By: David Pugliese, The Ottawa Citizen
NATO is asking Canada to once again send troops to Afghanistan to help deal with the resurgence of the Taliban.
The request will be on the agenda at the May 25 NATO summit in Brussels, to be attended by U.S. President Donald Trump and Prime Minister Justin Trudeau.
NATO Secretary-General Jens Stoltenberg said a request has been received from alliance commanders in Afghanistan for several thousand more soldiers to help shore up Afghan forces who are struggling to deal with the resurgent Taliban. Estimates suggest the Islamic fundamentalist group, which ruled Afghanistan from 1996 until the U.S.-led NATO invasion of 2001, is now back in control of or a major presence in about 40 per cent of the country.
“It will continue to be a train, assist and advise operation,” Stoltenberg said. “We are now looking into requests regarding some areas like more education, for the military academies, but also training special operation forces and air forces.”
The office of Defence Minister Harjit Sajjan did not comment on whether the NATO request had been received yet or whether it had already been rejected by the Canadian government. “We are not tracking a request,” Sajjan’s spokesperson Jordan Owens said in an statement emailed Friday.
But Australian Prime Minister Malcolm Turnbull confirmed Friday he has received such a request from NATO and is considering sending more troops. Although Australia is not a NATO nation, it has about 300 soldiers in the country training and advising Afghan forces.
Germany’s government indicated it too had received a request from NATO but would not send additional soldiers. German troops are already in northern Afghanistan.
In March 2014 Canada ended its military involvement in the Afghan war, which cost the lives of 158 Canadian soldiers. A Canadian diplomat, two civilian contractors and a journalist were also killed. More than 2,000 soldiers were injured.
A handful of Canadian military personnel are currently deployed in the country to provide security at the Canadian embassy in Kabul. “The number of CAF members deployed is limited, and in order to maintain operational security and ensure the safety of Canadian Armed Forces personnel, no further information is available at this time,” Department of National Defence spokesman Evan Koronewski said Friday.
There are slightly more than 13,000 coalition and NATO soldiers now in Afghanistan, involved mainly in training. Of those around 7,000 are from the U.S.
Another 1,500 U.S. special forces are operating in the country as well, conducting combat missions against the Taliban as well as those aligned with the Islamic State of Iraq and the Levant.

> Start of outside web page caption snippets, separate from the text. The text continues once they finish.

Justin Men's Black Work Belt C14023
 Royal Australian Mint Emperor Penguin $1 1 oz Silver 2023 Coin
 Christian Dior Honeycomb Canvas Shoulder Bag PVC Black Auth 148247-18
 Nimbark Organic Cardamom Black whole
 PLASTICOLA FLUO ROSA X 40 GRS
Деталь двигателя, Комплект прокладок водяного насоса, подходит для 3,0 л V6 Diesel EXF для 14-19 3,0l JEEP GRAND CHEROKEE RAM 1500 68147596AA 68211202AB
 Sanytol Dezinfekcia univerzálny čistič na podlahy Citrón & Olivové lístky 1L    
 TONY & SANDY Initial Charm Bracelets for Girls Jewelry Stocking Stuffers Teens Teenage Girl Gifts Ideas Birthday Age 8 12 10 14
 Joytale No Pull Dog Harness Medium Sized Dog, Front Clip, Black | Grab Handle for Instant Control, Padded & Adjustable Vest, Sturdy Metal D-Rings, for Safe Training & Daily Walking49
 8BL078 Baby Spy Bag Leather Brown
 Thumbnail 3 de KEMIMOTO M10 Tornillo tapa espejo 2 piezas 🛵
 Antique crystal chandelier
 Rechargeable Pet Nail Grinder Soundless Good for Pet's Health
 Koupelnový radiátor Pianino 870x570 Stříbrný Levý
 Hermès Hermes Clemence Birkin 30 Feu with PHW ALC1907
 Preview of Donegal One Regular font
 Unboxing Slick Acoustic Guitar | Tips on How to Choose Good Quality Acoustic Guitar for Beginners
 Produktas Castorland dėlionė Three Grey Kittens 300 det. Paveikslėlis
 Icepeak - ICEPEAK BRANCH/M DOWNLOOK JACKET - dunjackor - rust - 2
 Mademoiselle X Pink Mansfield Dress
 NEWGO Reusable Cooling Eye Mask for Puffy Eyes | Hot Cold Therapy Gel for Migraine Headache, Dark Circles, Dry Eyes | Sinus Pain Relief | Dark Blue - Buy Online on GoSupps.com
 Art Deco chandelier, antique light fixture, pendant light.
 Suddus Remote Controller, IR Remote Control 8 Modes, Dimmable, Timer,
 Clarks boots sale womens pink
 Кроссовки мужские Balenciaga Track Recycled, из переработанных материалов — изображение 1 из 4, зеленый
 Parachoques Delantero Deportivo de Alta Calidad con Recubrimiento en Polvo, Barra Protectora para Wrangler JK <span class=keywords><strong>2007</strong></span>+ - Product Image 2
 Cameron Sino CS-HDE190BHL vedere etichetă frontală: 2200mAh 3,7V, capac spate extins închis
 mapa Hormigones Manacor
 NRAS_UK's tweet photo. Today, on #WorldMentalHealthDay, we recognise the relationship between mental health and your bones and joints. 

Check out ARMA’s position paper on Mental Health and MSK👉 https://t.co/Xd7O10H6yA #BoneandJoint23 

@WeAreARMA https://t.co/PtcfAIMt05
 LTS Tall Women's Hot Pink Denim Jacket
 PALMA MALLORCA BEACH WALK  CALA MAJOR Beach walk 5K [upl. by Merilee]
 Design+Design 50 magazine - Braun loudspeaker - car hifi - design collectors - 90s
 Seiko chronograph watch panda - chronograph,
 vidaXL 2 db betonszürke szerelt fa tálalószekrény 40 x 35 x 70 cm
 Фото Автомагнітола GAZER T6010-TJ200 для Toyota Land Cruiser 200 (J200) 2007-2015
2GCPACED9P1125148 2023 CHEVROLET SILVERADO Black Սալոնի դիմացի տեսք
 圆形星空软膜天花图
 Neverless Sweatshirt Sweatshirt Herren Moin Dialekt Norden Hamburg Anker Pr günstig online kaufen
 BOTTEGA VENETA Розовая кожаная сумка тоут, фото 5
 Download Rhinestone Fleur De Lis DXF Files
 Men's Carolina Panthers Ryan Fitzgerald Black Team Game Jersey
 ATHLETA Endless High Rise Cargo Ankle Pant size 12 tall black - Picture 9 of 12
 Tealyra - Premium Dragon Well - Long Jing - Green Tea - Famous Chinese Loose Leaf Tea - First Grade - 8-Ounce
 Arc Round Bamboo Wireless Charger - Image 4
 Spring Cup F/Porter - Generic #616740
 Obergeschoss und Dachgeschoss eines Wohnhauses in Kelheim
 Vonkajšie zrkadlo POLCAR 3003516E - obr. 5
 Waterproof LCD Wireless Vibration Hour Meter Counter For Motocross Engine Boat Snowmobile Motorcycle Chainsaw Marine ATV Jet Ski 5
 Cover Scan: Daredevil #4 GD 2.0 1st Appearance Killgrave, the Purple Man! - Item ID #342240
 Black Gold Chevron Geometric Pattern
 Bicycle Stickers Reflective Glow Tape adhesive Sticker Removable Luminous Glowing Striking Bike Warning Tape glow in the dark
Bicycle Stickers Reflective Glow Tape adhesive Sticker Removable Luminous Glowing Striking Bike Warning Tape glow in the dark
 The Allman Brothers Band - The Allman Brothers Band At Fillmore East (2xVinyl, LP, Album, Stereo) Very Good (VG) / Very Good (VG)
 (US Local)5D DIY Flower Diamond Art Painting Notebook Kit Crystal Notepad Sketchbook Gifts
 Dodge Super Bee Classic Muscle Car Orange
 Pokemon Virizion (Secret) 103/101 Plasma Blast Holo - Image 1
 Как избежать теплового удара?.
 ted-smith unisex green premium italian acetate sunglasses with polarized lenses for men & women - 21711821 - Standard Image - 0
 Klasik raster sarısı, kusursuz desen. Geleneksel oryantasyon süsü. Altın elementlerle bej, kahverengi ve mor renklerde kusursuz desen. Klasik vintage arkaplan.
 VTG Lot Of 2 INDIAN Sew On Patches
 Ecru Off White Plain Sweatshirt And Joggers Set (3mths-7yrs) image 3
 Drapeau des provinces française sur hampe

Trump is currently examining a recommendation that could see between 2,000 and 5,000 additional U.S. troops sent to Afghanistan. He has yet to make a decision. White House National Security Adviser H.R. McMaster said Friday that Trump will have the opportunity to hear from allies during his trip to the NATO summit and the upcoming gathering of G7 nations. McMaster said that Trump understands that “America first does not mean America alone.”
In February, Gen. John Nicholson, the top U.S. commander in Afghanistan, told Congress that America and its NATO allies are facing a “stalemate” in Afghanistan as the Taliban gain more ground. He noted he needed a “few thousand” soldiers to act as advisors to the Afghan military.
Afghan security forces are still plagued by weak leadership and corruption.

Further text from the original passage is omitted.